This GridFS class is part of the Gaufrette filesystem abstraction library, though I heavily modified it.

To determine all the dependencies of this code we can ask the following question:

What is needed to run this code?

You need to think of several things:

  1. Which PHP version is needed to run the code without getting a syntax error? Maybe you even need a specific patch version (like 5.3.6) because of a bug in older 5.3 versions that could interfere with your code.
  2. Which PHP extensions should be installed?
  3. Which PEAR libraries should be installed?
  4. Which other packages should be installed?

In the case of the GridFS class the PHP version should be at least PHP 5.3, because of the use of namespace. Also the \MongoGridFS class should be available. This class is part of the mongo PECL extension for PHP. The \MongoGridFS class is only available since version 0.9.0 of that PHP extension, so we have to make sure that we explicitly mention this version constraint. Finally, it appears there are no other packages needed to be able to use the GridFS class. So when we would create a composer.json file for a package that contains the GridFS file, it would look like this:

{
    ...,
    "require": {
        "php": ">=5.3",
        "ext-mongo": ">=0.9.0"
    }
    ..
}

Now this is an exhaustive list of the dependencies of package that contains the GridFS class: when these dependencies are installed, nothing stands in the way of using this class in your application.
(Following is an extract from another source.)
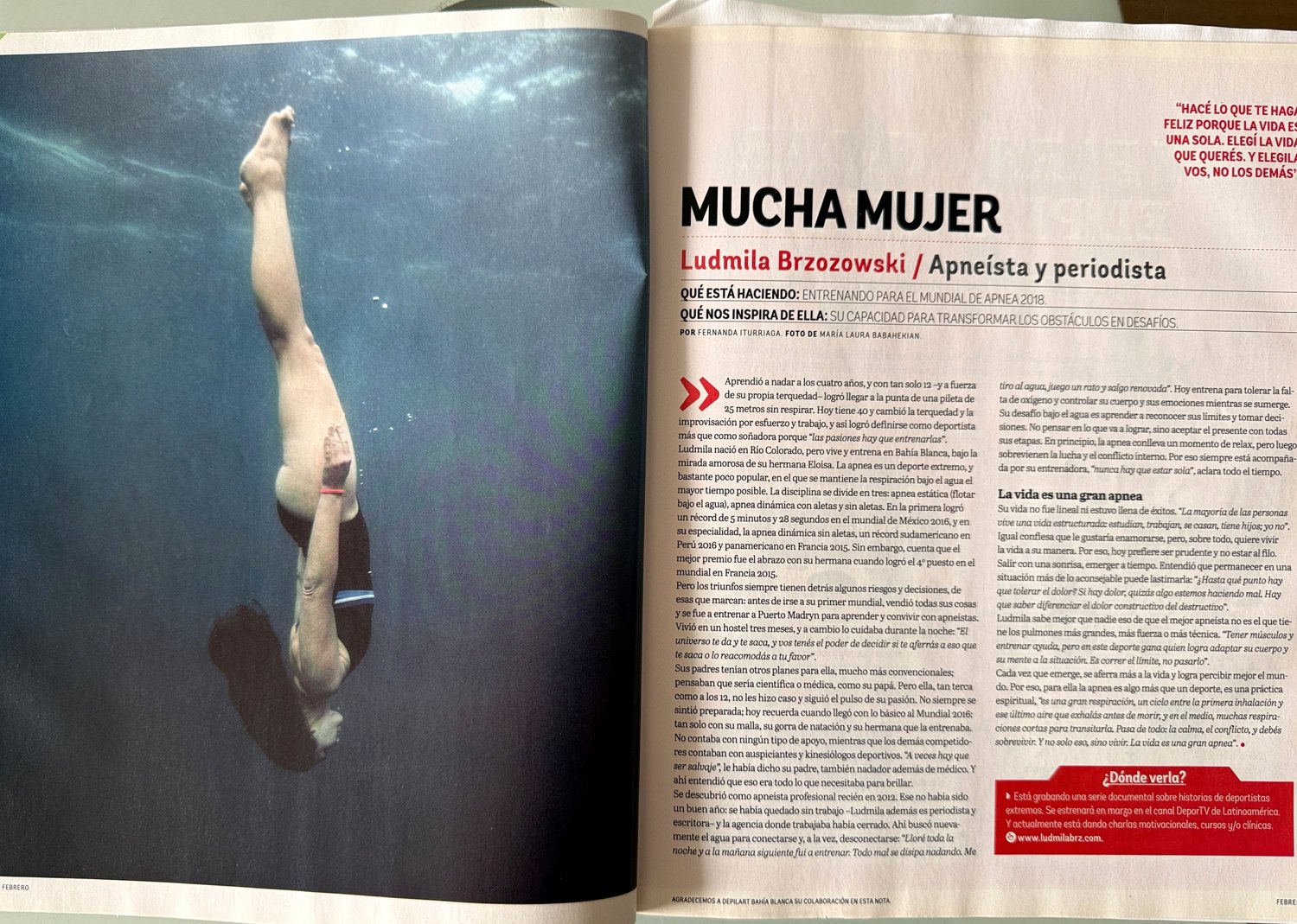Doble pagina de revista: nota Mucha mujer sobre la apneista Ludmila Brzozowski con foto de Laura Babahekian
The actual list of dependencies of knplabs/gaufrette

As I already mentioned the GridFS class is part of the Gaufrette library which provides a filesystem abstraction layer so you can store files on different types of filesystems without worrying about the details of those filesystems. Let’s take a look at the composer.json file of this library:

{
    "name": "knplabs/gaufrette",
    "require": {
        "php": ">=5.3.2"
    },
    "require-dev": {
        ...
    },
    "suggest": {
        ...
        "amazonwebservices/aws-sdk-for-php": "to use the legacy Amazon S3 adapters",
        "phpseclib/phpseclib": "to use the SFTP",
        "doctrine/dbal": "to use the Doctrine DBAL adapter",
        "microsoft/windowsazure": "to use Microsoft Azure Blob Storage adapter",
        "ext-zip": "to use the Zip adapter",
        "ext-apc": "to use the APC adapter",
        "ext-curl": "*",
        "ext-mbstring": "*",
        "ext-mongo": "*",
        "ext-fileinfo": "*"
    },
    ...
}

After what we’ve discussed above, this is quite a surprise: the library says it has only one actual dependency: a PHP version that is at least 5.3.2. Everything else is either a “dev” requirement or a “suggested” requirement.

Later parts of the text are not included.